Step 6: Conducting Internal Audits

Internal audits are a vital tool for assessing the effectiveness of the QMS and ensuring ongoing compliance with regulatory requirements. These audits should be conducted regularly to identify areas for improvement.

Objectives: The objective is to evaluate the QMS against established policies and procedures, regulatory requirements, and industry standards.

Documentation: Audit plans, checklists, and reports should be created and maintained to document the audit process and findings.

Roles: Quality managers should lead the internal audit program, while trained auditors from various departments should conduct the audits.

Inspection Expectations: Inspectors will review internal audit reports to assess the effectiveness of the audit process and the organization’s response to identified nonconformities.

Step 7: Managing Nonconformities and Corrective Actions

Effective management of nonconformities and corrective actions is essential for maintaining compliance and improving the QMS. Organizations must have processes in place to identify, investigate, and resolve nonconformities.

Objectives: The goal is to implement a systematic approach to managing nonconformities that aligns with ISO 9001 and ISO 13485 requirements.

Documentation: Nonconformance reports, corrective action plans, and follow-up documentation should be maintained to track the resolution of issues.

Roles: Quality managers should oversee the nonconformance management process, while department heads are responsible for addressing issues within their areas.

Inspection Expectations: Inspectors will evaluate the organization’s ability to manage nonconformities and the effectiveness of corrective actions taken.

Step 8: Continuous Improvement

Continuous improvement is a core principle of a Combined & Companion QMS. Organizations should foster a culture of quality and encourage ongoing evaluation and enhancement of processes and products.

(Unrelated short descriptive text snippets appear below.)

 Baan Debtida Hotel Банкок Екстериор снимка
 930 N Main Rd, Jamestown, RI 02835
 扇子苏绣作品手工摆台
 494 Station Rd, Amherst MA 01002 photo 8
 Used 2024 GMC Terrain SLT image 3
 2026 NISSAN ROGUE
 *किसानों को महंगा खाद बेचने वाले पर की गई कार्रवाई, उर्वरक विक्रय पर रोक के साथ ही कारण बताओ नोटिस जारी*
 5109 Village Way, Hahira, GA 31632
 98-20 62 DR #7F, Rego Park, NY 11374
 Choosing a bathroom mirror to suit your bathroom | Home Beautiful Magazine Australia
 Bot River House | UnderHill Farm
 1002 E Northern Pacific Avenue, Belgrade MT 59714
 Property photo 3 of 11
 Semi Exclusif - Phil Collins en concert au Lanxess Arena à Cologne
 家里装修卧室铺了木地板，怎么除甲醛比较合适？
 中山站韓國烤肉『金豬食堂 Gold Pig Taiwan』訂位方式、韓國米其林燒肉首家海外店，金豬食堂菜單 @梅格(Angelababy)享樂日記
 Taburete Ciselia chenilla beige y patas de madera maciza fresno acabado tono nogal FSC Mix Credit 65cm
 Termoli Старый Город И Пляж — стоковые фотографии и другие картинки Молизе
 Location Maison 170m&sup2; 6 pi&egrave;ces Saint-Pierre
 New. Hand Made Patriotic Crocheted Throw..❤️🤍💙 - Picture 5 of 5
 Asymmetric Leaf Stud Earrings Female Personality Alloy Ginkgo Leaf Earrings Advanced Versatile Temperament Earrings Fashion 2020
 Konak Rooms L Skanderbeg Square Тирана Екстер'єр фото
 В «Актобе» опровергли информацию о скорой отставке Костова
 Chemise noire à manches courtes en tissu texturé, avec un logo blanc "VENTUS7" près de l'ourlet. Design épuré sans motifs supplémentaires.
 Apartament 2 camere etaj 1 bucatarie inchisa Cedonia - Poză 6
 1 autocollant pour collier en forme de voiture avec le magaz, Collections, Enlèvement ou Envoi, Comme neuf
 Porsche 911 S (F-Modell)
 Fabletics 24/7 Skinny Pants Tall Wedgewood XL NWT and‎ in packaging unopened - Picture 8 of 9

Objectives: The objective is to establish mechanisms for identifying opportunities for improvement and implementing changes that enhance product quality and compliance.

Documentation: Continuous improvement initiatives, including process improvement plans and performance metrics, should be documented and reviewed regularly.

Roles: Quality managers should lead continuous improvement efforts, while all employees should be encouraged to contribute ideas and feedback.

Inspection Expectations: Inspectors will assess the organization’s commitment to continuous improvement and the effectiveness of implemented initiatives.

Conclusion

Establishing a Combined & Companion QMS for medical devices and combination products in contract manufacturing and outsourced operations is a complex but essential undertaking. By following the outlined steps, organizations can ensure compliance with regulatory requirements and enhance product quality. Continuous engagement with regulatory bodies, such as the FDA, and adherence to standards like ISO 13485 will further strengthen the QMS and support successful operations in the regulated industry.